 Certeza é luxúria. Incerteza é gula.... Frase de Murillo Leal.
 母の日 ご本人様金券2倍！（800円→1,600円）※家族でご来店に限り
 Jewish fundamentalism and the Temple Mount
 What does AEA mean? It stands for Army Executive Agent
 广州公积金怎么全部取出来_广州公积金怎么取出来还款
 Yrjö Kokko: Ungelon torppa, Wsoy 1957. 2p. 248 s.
==
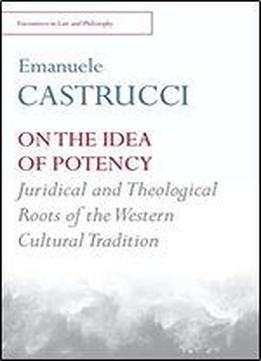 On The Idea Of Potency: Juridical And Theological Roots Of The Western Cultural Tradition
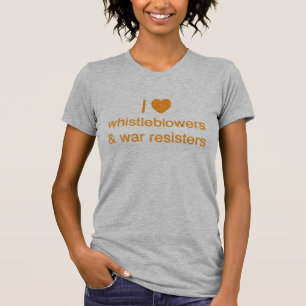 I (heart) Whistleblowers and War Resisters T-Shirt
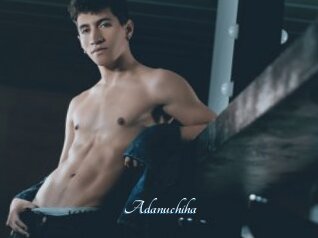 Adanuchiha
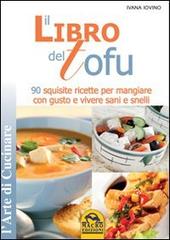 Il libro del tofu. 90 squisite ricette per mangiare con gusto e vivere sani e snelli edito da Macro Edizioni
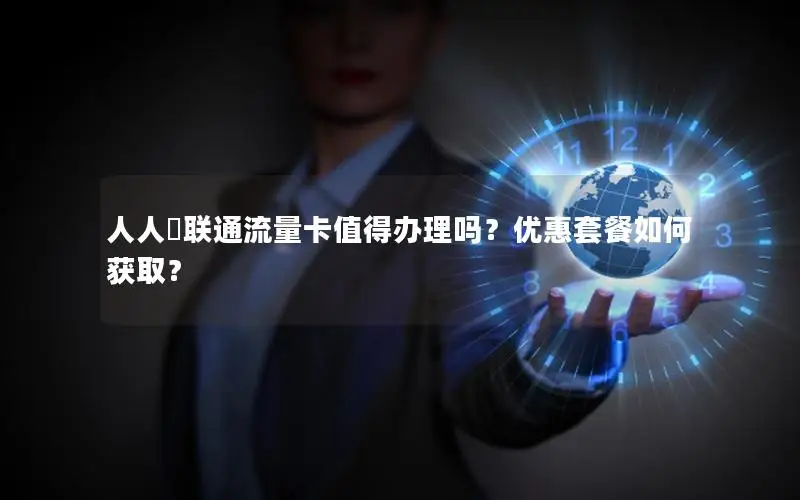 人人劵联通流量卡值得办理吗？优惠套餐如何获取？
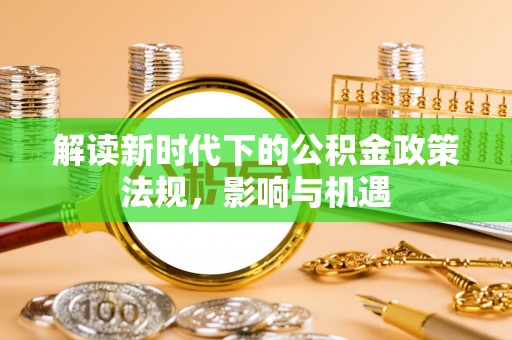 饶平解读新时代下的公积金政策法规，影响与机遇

▸ **Exercise**:
Return, with no change at all, every line in the entries above from the line containing "广州公积金怎么全部取出来_广州公积金怎么取出来还款" through the line containing "Yrjö Kokko: Ungelon".

▸ **Task answer**:
 广州公积金怎么全部取出来_广州公积金怎么取出来还款
 Yrjö Kokko: Ungelon torppa, Wsoy 1957. 2p. 248 s.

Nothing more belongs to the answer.